What is the most simple/elegant way to calculate the length of a number written as text ?

Question

Given the maximum possible value, how to simply express the space needed to write such number in decimal form as text ?

The real task: logging process ids (pid_t) with fixed length, using gcc on Linux. It'd be good to have a compile time expression to be used in the std::setw() iomanipulator.

I have found that linux/threads.h header contains a PID_MAX value with the maximum pid allocated to a process. So having

#define LENGTH(t) sizeof(#t)-1

the LENGTH(PID_MAX) would be a compile time expression, but unfortunatelly this number is defined in hexa:

#define PID_MAX 0x8000

My current best solution is a bit oddish

static_cast<int>( ::floor( ::log(PID_MAX)/::log(10) + 1 ) );

But this is calculated runtime and uses functions from math.h

Answer 1

I don't think you can get it exactly without invoking logarithms, but you can get an upper bound:

CHAR_BIT * sizeof(PID_MAX) will give you an upper bound on the number of bits needed to represent PID_MAX. You can then precompute log(10) = 3.32 and round down to 3. Forget about floor, because integer division will truncate like that anyhow. So

#define LENGTH(t) (((CHAR_BIT * sizeof(t)) / 3) + 1)

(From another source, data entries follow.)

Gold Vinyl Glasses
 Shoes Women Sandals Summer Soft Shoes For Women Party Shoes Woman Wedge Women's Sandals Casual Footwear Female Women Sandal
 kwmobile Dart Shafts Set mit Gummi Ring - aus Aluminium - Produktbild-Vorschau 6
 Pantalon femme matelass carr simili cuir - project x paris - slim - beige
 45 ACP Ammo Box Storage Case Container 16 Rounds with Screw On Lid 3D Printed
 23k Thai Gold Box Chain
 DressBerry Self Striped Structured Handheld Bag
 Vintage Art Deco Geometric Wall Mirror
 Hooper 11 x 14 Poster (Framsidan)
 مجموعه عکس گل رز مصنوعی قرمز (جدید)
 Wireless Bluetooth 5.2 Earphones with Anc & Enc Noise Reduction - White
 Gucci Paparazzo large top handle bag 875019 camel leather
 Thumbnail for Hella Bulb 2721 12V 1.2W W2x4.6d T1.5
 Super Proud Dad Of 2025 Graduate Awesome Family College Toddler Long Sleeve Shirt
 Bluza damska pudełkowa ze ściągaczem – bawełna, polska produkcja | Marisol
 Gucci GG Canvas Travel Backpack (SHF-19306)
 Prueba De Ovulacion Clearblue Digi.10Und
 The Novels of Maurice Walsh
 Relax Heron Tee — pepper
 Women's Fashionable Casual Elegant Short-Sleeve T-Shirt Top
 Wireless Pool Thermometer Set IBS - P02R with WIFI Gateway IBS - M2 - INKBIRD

Should give you a compile-time computable upper bound on the number of characters needed to display t in decimal.

Answer 2

You could do it with a little template meta programming:

//NunLength_interal does the actual calculation. 
template <unsigned num>
struct NumLength_internal
{ enum { value = 1 + NumLength_internal<num/10>::value }; };

template <>
struct NumLength_internal<0>
{ enum { value = 0 }; };

//NumLength is a wrapper to handle zero. For zero we want to return
//a length of one as a special case.
template <unsigned num>
struct NumLength
{ enum { value = NumLength_internal<num>::value };};

template <>
struct NumLength<0>
{ enum { value = 1 }; };

This should work for anything now. For example:

cout << NumLength<0>::value      << endl; // writes: 1
cout << NumLength<5>::value      << endl; // writes: 1
cout << NumLength<10>::value     << endl; // writes: 2
cout << NumLength<123>::value    << endl; // writes: 3
cout << NumLength<0x8000>::value << endl; // writes: 5

This is all handled at compile time.

Edit: I added another layer to handle the case when the number passed in is zero.